La demanda recayó en el Juzgado Federal Número 12, nada menos que a cargo del juez Ariel Lijo, que está en el centro de la mayor controversia que se recuerde en la historia de la Corte Suprema de Justicia de la Nación a raíz de la propuesta del presidente Milei al Senado de designarlo miembro de ese, el más alto tribunal del país. No es la primera vez que los académicos de la lengua, que según el Instituto Cervantes hablan más de 500 millones de seres dispersos por el mundo, se encuentran con reclamos por la hechura del diccionario. Un valenciano acérrimo lo tiraría por la ventana tan pronto saber que la definición de la lengua que habla es considerada, en una de las acepciones, no más que variante del catalán.

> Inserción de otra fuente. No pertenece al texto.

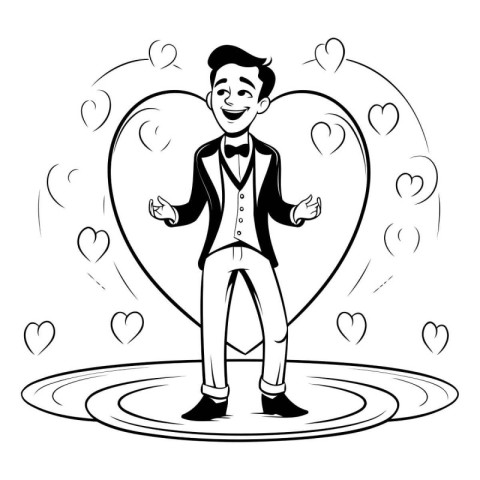 Groom cartoon design. Man male person people human and social me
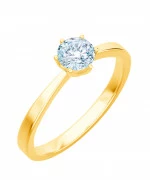 Pierścionek Bonore ze złota próby 585 z diamentem 0,7 ct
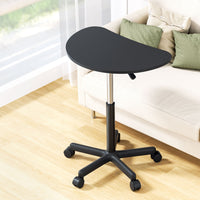 Laptop Desk Portable Height Adjustable Table Caster Wheels 60CM Black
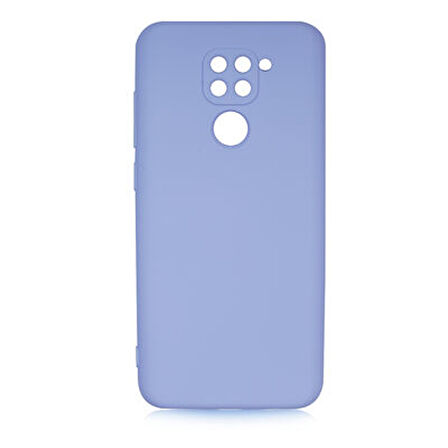 Redmi Note 9 İçi Kadife Dolgulu Şık Candy Lansman Silikon Kılıf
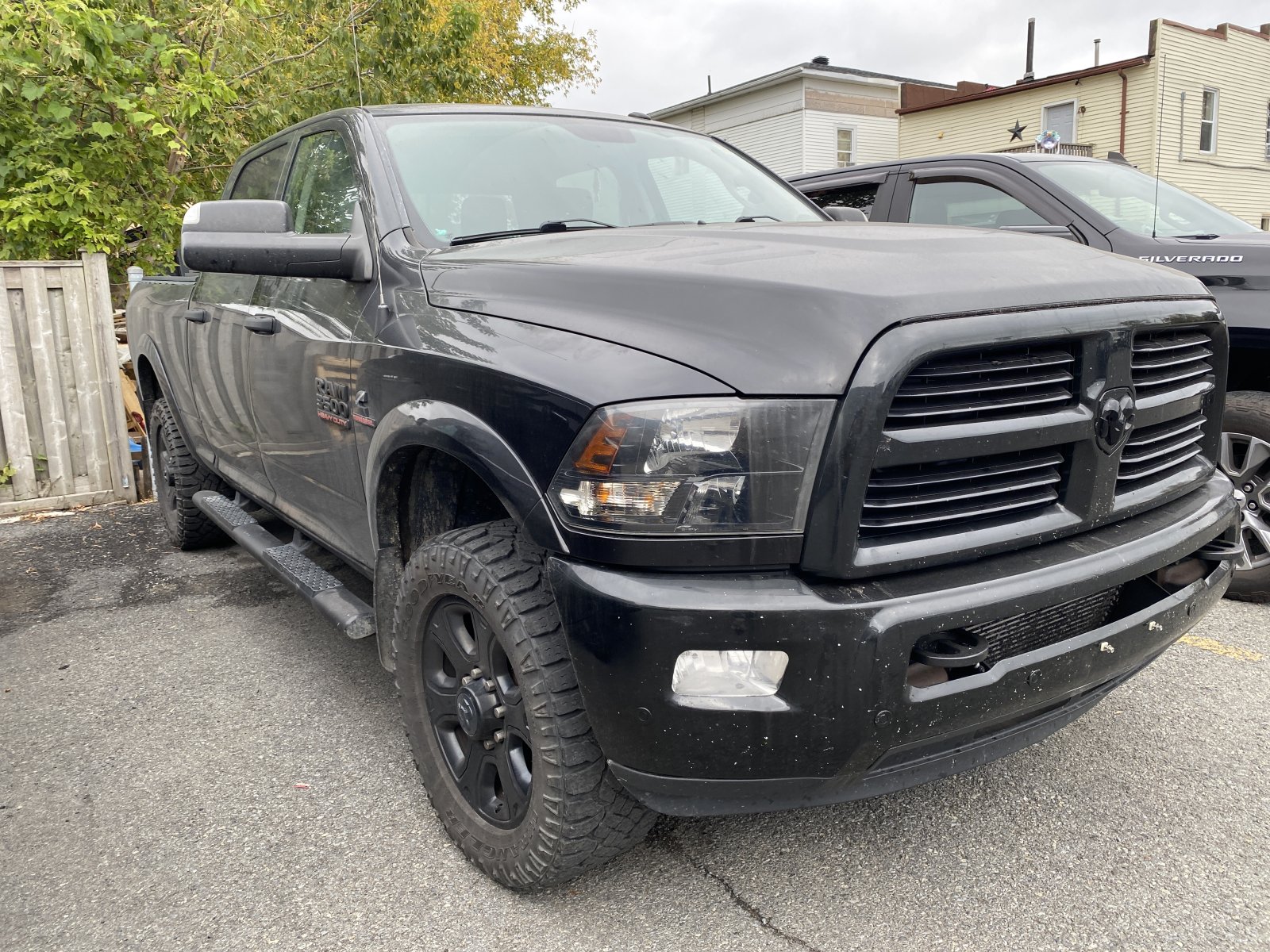 Black 2017 RAM 3500 Pickup Truck Four-Wheel Drive Automatic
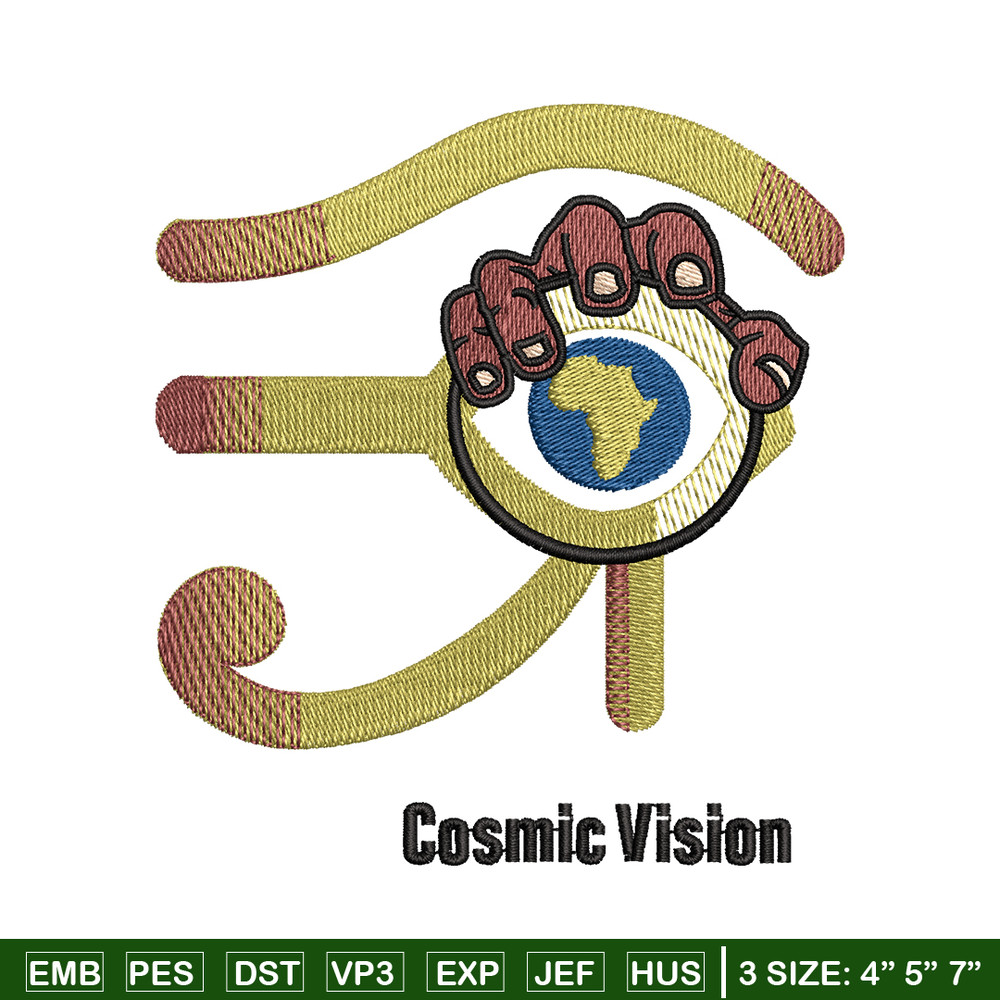 Cosmic vision logo embroidery design, logo embroidery, logo design, Embroidery shirt, logo shirt, Instant download.jpg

Con el correr de los años ha habido reclamos de todo tipo a la Academia, pero como me ha dicho Enrique Bacigalupo, el gran penalista argentino que integró el Tribunal Supremo Español, sería esta la primera vez que la justicia de otro país anuncia que se dirigirá a la de España para que intervenga en un asunto tan delicado como enojoso. Hasta el momento de escribir este despacho la única notificación que tenían los académicos españoles sobre la decisión adoptada por el juez Lijo en la causa abierta por los agravios denunciados por la “quinta acepción” ha sido por lectura concienzuda de la repercusión periodística del tema.
Después de las naturales intervenciones que toque realizar a las respectivas cancillerías de la Argentina y España para dar curso al exhorto que Lijo ha resuelto enviar a España, comenzarán aquí los trámites judiciales. Bacigalupo dice que corresponderá la intervención de un juzgado de primera instancia de la Audiencia Provincial de Madrid y que, en cuanto a lo demás, “puede ocurrir cualquier cosa, como sucede con la jurisprudencia cuando debe desenvolverse sin antecedentes específicos que la orienten”.

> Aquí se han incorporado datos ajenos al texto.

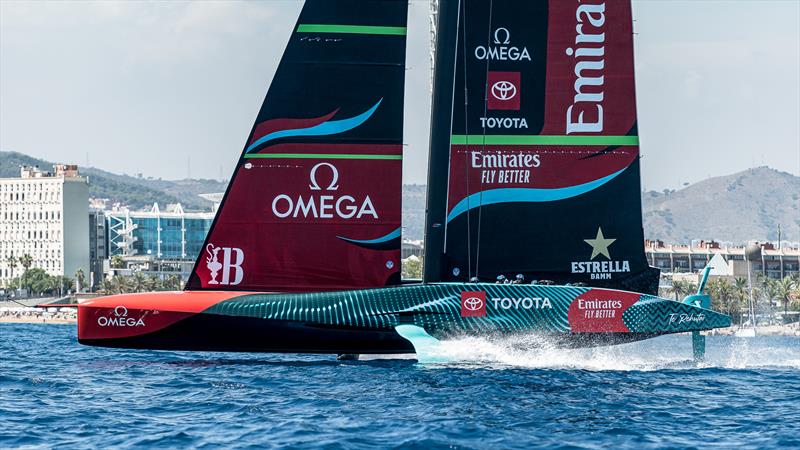 Emirates Team New Zealand - AC75  - Day 27 - July 28, 2023 - Barcelona - photo © Job Vermeulen / America's Cup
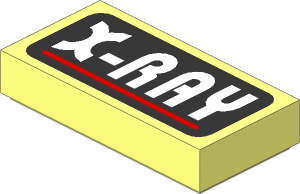 Tile  1 x  2 with "X-RAY" Pattern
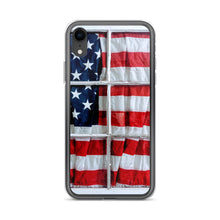 Load image into Gallery viewer, American Flag iPhone Case USA Red White Blue Stars Stripes Patriotic Window USA Love Original Photo by Chandra Carmack of Re-Assigned
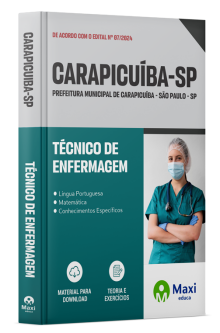 Apostila Prefeitura de Carapicuíba - SP - 2024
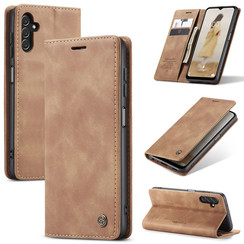 CaseMe - Hoesje geschikt voor Samsung Galaxy A13 5G - Wallet Book Case - Magneetsluiting - Licht Bruin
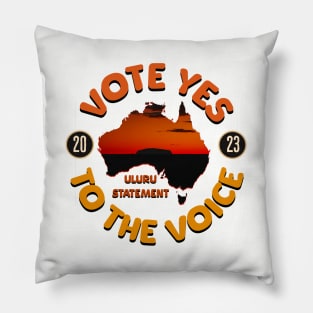 Vote YES to Indigenous Voice to Parliament Australia Pillow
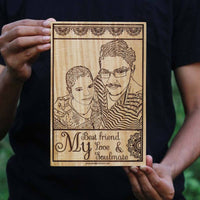MY BEST FRIEND, MY LOVE, MY SOULMATE CUSTOM ENGRAVED WOODEN FRAME - My Art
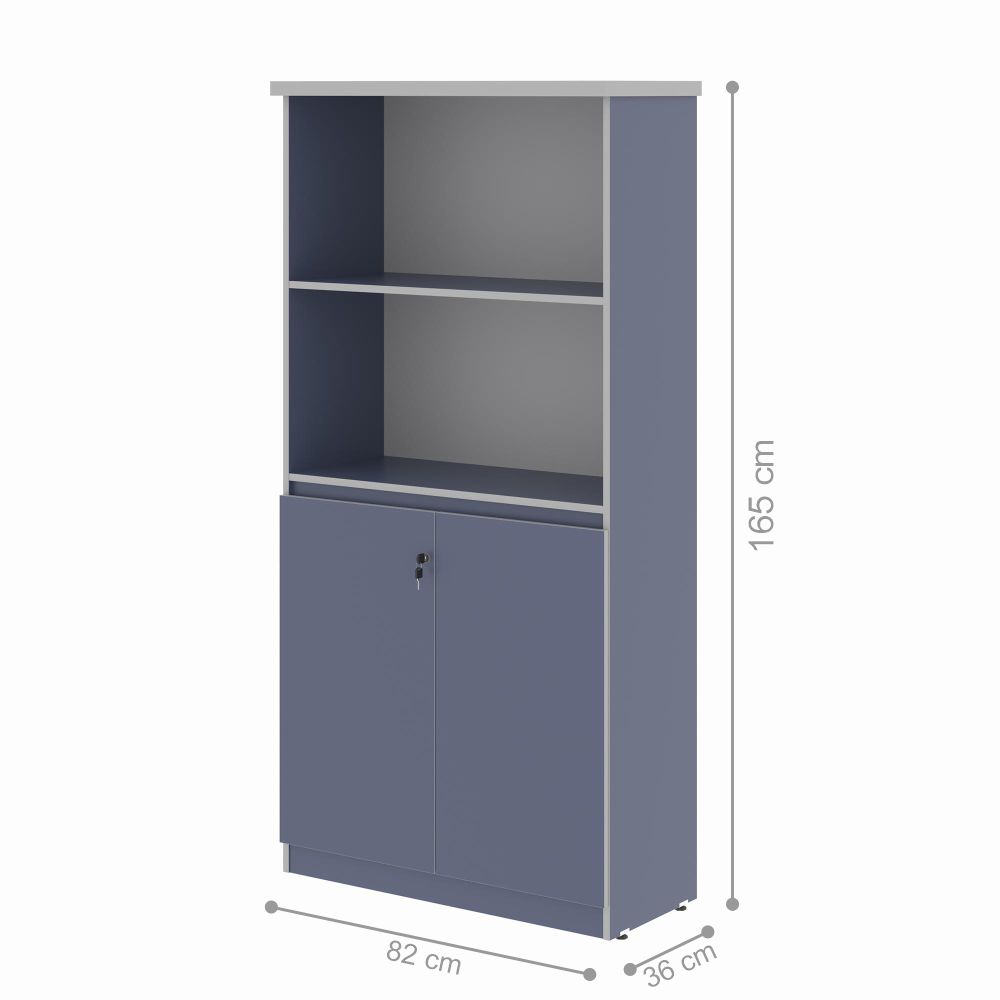 Armario com 2 Portas Paris Azul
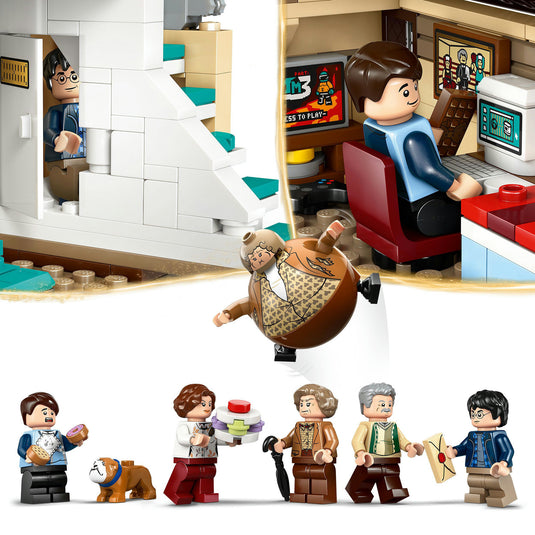 Lego harry potter ligusterlaan: bezoek van tante margot bouwpakket - 76451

Los reclamos por las definiciones de cada vocablo entre los más de 92.000 que integran el corpus lingüístico de nuestra lengua han sido numerosos en la larga vida de la institución fundada en 1713 por Felipe IV a fin de conferir unidad al habla española en tierras que fueron o han sido de la Corona. Ninguno, que sepa, de las características de la medida cautelar dispuesta por el doctor Lijo. Este ha ordenado que Santiago Muñoz Machado, director de la RAE, suprima inmediatamente del diccionario la cuestionada quinta acepción sobre “judío”. De tanto en tanto, algunos nacionalistas japoneses presionaban en el pasado por la eliminación del concepto de “kamikaze” como persona que en la Segunda Guerra Mundial llevaba a cabo un atentado suicida contra objetivos precisos.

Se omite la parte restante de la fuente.